Please, without any pictures, set down exactly the part of the listing below that opens with the line containing "Dymo Blk on Wht 19mmx7m Tape" and closes with the line containing "HILDA 2-line Laser".

● **AVAILABLE DATA**
☆ ☆ ☆ ☆

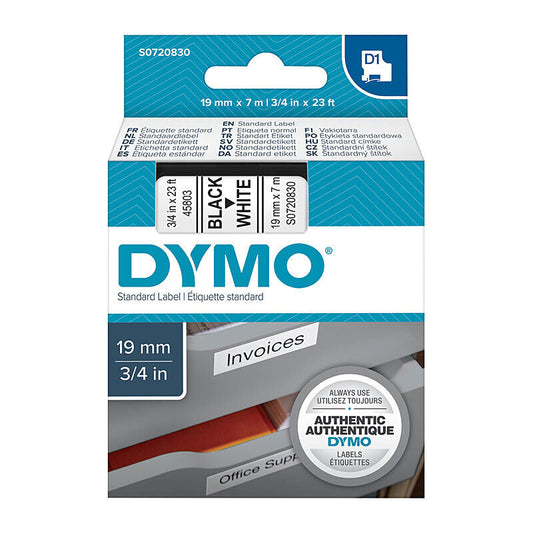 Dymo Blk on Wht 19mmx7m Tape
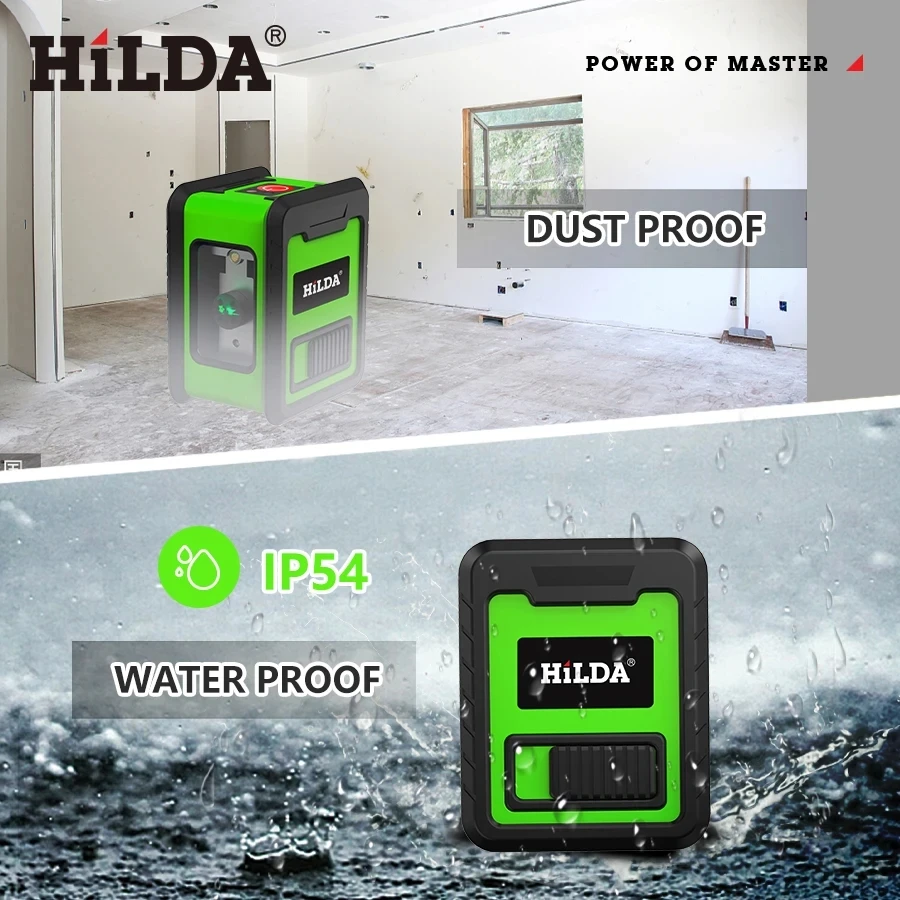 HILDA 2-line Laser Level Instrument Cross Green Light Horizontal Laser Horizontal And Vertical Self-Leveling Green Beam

☆ ☆ ☆ ☆

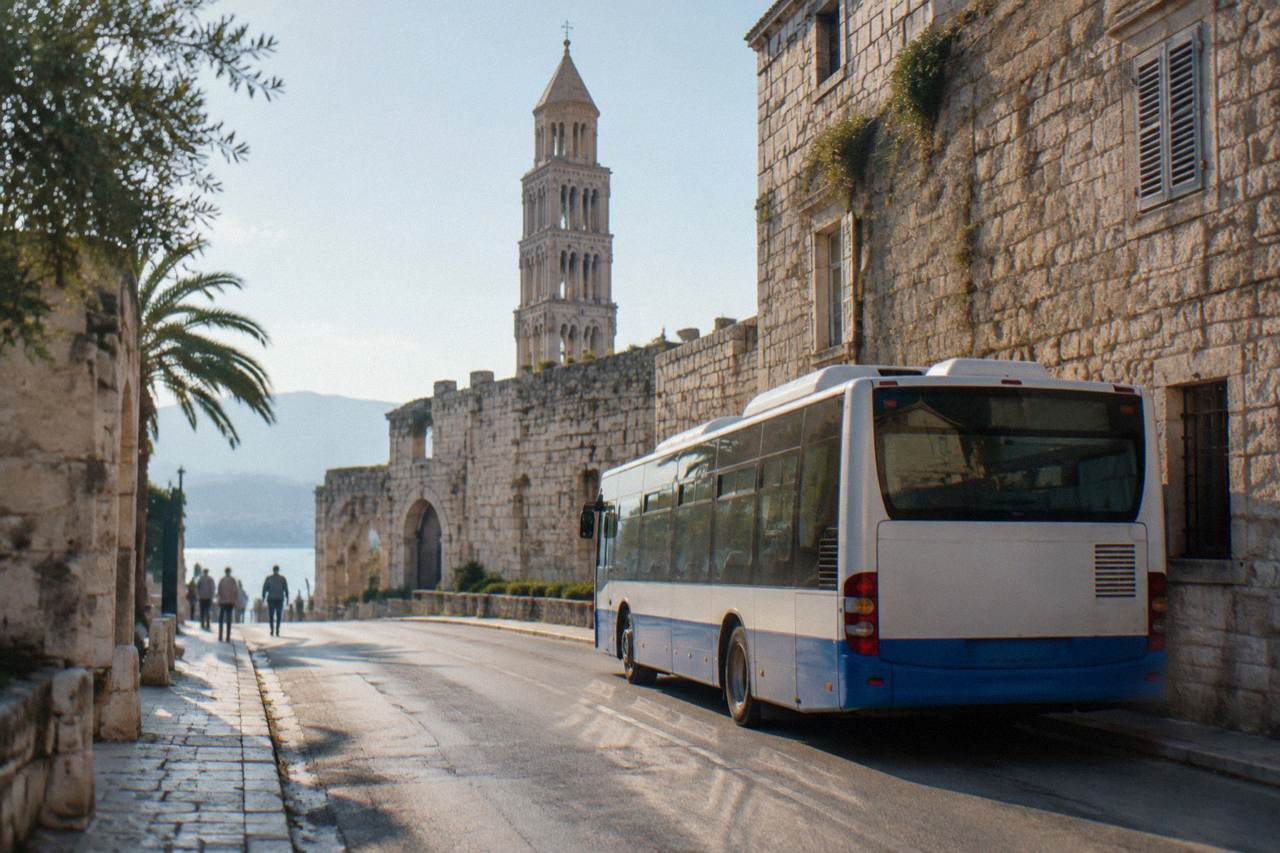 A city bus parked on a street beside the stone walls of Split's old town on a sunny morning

☆ ☆ ☆ ☆

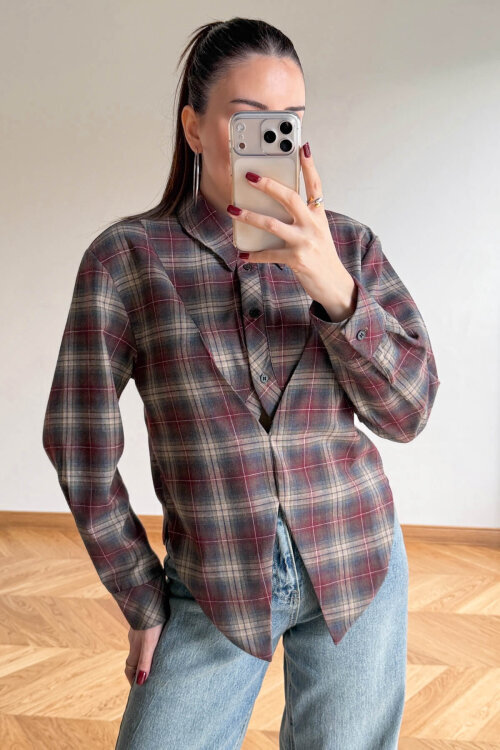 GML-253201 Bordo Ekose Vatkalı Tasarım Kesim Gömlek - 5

☆ ☆ ☆ ☆

● **ANSWER SPACE**
 Dymo Blk on Wht 19mmx7m Tape
 HILDA 2-line Laser Level Instrument Cross Green Light Horizontal Laser Horizontal And Vertical Self-Leveling Green Beam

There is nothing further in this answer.